Sahaba

Uit Wikipedia, de vrije encyclopedie

De sahaba (enkelvoud: sahabi) of metgezellen (Arabisch: صحابة) is de groep van personen die Mohammed, doorgaans gezien als de laatste profeet in de islam, nog tijdens zijn leven volgde. Een sahabi kende of zag Mohammed persoonlijk en geloofde in zijn leer, ook na de dood van Mohammed. Toen Mohammed overleed waren er vermoedelijk meer dan 100.000 sahaba.

Belangrijke sahaba zijn: Aboe Bakr, Anas ibn Malik, Omar, Uthman, Ali, Talha ibn Oebeydullah, Zubayr ibn al-Awwam, Abd al-Rahman ibn Awf, Sa`d ibn Abi Waqqas, Said ibn Zayd, Abu Ubayda ibn al-Jarrah, Khalid ibn Walid, Abdullah ibn Abbas, Ibn Umar.

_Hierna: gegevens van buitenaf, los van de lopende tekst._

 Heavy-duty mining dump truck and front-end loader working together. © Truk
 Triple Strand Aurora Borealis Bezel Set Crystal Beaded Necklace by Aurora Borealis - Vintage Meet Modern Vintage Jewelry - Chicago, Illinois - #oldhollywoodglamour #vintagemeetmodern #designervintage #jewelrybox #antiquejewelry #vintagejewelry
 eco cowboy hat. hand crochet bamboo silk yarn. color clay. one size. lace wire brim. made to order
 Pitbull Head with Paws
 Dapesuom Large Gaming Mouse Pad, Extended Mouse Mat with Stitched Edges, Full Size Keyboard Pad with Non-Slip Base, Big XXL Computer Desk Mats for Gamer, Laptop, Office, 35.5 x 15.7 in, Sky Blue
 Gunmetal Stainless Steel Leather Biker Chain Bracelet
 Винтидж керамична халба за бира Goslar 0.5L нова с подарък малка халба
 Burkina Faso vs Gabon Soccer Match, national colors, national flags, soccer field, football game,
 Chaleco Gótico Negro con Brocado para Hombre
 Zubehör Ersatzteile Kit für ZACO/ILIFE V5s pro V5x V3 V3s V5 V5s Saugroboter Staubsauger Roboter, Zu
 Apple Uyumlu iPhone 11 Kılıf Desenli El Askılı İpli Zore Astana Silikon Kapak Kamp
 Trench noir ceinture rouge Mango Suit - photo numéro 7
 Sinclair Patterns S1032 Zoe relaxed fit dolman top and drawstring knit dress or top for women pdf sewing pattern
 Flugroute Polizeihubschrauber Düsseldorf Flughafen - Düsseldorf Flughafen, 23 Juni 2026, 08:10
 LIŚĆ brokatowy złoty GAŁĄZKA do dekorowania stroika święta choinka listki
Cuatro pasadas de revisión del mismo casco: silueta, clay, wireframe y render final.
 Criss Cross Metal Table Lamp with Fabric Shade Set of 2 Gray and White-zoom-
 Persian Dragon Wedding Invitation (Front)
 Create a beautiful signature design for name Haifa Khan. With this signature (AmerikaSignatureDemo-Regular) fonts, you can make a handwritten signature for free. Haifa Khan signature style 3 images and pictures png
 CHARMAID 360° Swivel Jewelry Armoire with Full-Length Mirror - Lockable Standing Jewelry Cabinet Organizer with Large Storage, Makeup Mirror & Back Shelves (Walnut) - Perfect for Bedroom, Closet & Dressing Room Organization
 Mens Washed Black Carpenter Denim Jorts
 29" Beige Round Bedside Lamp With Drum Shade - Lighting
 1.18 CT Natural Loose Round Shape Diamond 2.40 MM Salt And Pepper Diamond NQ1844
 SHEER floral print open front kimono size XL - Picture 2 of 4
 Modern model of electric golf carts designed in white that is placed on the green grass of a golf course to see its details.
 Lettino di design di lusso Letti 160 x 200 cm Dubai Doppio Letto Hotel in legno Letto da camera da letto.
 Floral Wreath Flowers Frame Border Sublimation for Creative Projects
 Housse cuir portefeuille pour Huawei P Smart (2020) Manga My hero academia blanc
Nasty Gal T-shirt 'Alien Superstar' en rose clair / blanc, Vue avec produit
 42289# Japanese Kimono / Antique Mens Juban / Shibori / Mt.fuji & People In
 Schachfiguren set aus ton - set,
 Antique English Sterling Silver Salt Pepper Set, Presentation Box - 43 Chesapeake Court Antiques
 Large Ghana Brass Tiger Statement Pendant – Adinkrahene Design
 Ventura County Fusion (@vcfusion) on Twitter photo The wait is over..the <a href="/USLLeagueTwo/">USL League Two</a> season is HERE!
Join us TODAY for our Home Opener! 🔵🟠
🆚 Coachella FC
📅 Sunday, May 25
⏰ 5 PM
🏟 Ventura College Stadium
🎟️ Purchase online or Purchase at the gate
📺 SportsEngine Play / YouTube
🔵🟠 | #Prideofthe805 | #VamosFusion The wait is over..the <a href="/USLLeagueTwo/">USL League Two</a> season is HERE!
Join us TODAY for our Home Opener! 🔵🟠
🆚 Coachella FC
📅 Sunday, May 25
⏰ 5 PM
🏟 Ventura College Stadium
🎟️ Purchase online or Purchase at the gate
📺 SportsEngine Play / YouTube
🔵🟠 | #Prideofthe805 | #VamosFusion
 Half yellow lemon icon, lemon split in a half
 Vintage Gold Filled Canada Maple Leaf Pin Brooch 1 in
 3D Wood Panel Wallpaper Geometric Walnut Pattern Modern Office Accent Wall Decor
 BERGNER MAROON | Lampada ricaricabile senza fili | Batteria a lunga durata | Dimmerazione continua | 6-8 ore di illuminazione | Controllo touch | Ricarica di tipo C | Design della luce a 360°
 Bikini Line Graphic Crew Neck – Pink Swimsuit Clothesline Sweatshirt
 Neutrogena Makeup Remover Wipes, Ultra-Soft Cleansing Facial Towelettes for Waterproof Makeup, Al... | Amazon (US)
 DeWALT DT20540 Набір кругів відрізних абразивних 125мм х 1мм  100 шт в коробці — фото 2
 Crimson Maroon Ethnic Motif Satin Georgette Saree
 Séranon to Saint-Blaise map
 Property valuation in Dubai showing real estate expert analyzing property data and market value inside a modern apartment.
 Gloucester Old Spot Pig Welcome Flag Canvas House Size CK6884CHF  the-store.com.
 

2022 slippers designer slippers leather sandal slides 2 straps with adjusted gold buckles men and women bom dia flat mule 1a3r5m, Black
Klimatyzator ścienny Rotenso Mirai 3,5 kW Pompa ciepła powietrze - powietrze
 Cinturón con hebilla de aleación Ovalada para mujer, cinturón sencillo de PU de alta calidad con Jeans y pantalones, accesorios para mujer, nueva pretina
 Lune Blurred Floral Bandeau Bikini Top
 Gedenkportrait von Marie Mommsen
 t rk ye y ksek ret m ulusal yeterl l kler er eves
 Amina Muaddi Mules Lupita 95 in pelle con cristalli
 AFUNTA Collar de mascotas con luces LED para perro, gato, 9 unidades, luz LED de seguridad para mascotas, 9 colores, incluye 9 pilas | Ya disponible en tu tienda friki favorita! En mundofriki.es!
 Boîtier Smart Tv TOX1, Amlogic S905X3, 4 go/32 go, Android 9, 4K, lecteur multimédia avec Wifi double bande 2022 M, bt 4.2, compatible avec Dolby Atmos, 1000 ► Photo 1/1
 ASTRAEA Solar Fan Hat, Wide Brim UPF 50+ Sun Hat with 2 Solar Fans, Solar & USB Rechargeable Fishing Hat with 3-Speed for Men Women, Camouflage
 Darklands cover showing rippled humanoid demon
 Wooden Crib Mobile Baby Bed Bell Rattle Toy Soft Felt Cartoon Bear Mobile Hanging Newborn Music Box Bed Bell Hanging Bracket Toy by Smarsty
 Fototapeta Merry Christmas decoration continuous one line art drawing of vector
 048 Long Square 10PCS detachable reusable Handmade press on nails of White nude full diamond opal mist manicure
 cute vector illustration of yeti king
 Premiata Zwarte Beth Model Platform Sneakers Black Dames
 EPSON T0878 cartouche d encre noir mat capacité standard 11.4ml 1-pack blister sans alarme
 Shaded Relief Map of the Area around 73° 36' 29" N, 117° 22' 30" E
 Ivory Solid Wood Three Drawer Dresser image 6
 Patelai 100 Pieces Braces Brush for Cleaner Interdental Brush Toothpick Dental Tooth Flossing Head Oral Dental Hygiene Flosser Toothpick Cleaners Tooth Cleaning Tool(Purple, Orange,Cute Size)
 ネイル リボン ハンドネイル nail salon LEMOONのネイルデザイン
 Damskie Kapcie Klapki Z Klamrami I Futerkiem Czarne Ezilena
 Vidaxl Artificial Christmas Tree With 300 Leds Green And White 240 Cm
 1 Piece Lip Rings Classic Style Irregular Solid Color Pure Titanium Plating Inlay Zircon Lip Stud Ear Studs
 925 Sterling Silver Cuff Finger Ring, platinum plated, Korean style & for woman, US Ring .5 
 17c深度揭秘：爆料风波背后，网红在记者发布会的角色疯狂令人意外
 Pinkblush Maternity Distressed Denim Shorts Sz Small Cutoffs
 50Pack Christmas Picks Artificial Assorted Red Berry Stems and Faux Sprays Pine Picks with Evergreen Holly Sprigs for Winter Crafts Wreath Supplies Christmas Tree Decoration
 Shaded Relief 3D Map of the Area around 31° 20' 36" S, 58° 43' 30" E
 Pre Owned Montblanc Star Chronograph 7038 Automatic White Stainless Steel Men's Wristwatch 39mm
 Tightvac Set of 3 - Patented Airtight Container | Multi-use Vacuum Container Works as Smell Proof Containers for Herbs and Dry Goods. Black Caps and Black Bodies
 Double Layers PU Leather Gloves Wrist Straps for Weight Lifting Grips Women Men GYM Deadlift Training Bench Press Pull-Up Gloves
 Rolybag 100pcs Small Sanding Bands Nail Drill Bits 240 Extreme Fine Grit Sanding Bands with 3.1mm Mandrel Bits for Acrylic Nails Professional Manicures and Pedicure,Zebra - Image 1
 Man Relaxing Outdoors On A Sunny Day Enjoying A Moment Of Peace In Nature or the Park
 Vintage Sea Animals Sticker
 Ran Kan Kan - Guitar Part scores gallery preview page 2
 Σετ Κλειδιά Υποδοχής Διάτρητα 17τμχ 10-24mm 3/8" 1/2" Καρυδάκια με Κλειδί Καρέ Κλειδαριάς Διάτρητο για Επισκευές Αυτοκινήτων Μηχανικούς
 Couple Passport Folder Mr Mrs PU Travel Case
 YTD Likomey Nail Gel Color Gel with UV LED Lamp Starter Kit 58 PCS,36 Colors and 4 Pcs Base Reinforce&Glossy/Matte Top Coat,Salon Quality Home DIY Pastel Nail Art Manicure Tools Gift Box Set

Enkele sahaba hebben geschreven over de leer en het leven van Mohammed. Zij vormden gedeeltelijk de basis van de Hadith, naast de Koran een belangrijke bron in de islam.

Na het noemen of schrijven van een naam der metgezellen voegen moslims uit respect vaak radi Allahu 'anhu (moge God tevreden zijn met hem (of haar)) achter de naam toe. Ook meestal verkort achter de naam met (r.a.) of (ra).